Evidential Deep Learning (EDL)

What is EDL?

Standard segmentation networks output class probabilities via Softmax — a single point estimate with no information about whether the network "knows" what it is seeing. Evidential Deep Learning (EDL) replaces this with a Dirichlet distribution over the probability simplex, parameterised directly by the network's output.

This makes it possible to distinguish two types of uncertainty:

TypeDefinitionWhen it is high
Epistemic (model)u = K / SInput pattern unseen during training (OOD)
Aleatoric (data)Variance of DirichletAmbiguous pixels even with infinite data

The uncertainty map produced by EDL is particularly useful in remote sensing workflows where regions outside the training distribution (cloud shadows, new land-cover types, sensor artefacts) need to be flagged automatically rather than silently assigned an incorrect class.

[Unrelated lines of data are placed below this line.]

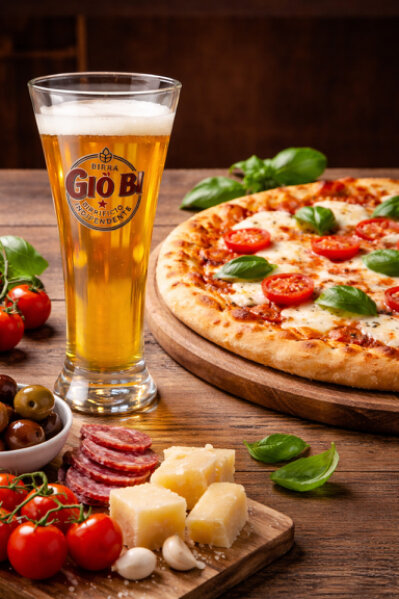 Bicchiere di birra chiara artigianale Gio’Bi Lager su tavolo in legno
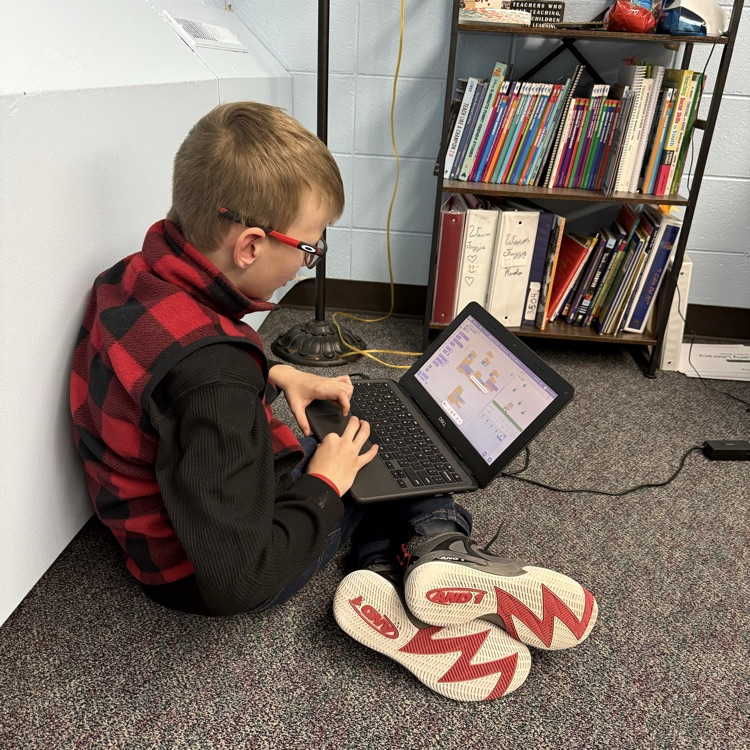 student student sitting on the floor working on a computer  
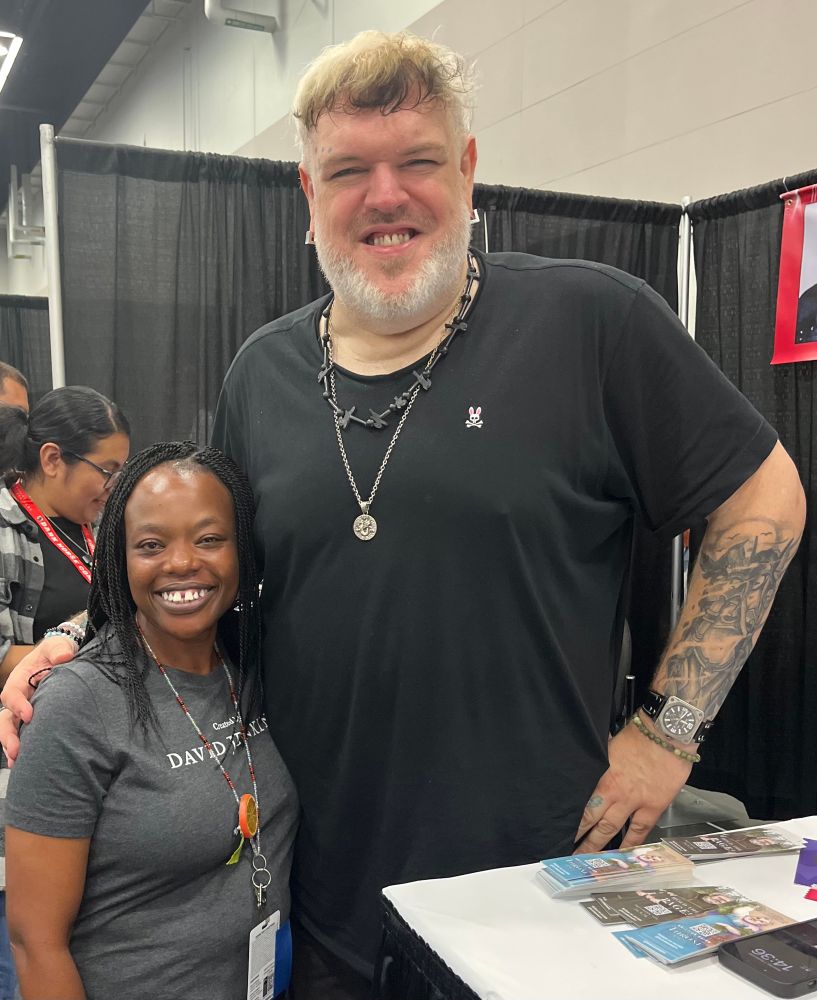 An absurdly cute photo of a very tall person in a black t-shirt and a very short person in a grey t-shirt.  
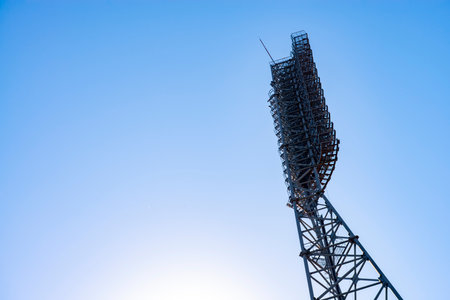 Sports stadium lighting system on a clear blue sky day. stadium lights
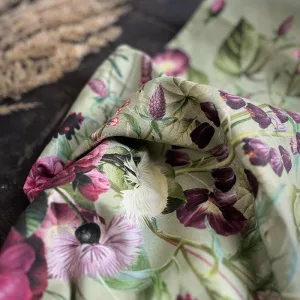 Close-up of pale green floral fabric with pink, purple, and white blossoms folded over a dark surface.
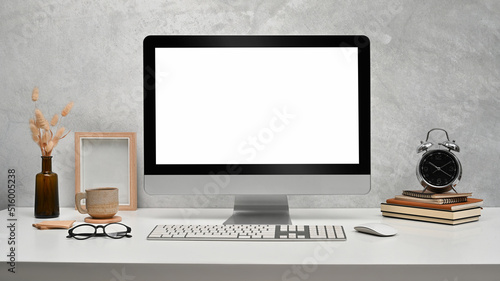 Front view computer with empty display, picture frame, books and alarm clock on white table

Reference: Sensoy, M., Kaplan, L., & Kandemir, M. (2018). Evidential Deep Learning to Quantify Classification Uncertainty. NeurIPS 2018. https://arxiv.org/abs/1806.01768


Theory in One Page

The network learns to output evidence per class per pixel:

evidence_k = Softplus(logit_k)    # e_k ≥ 0
alpha_k = evidence_k + 1 # α_k ≥ 1 (Dirichlet parameter)
S = Σ_k alpha_k # total evidence strength
p̂_k = alpha_k / S # expected class probability
u = K / S # epistemic uncertainty ∈ (0, 1]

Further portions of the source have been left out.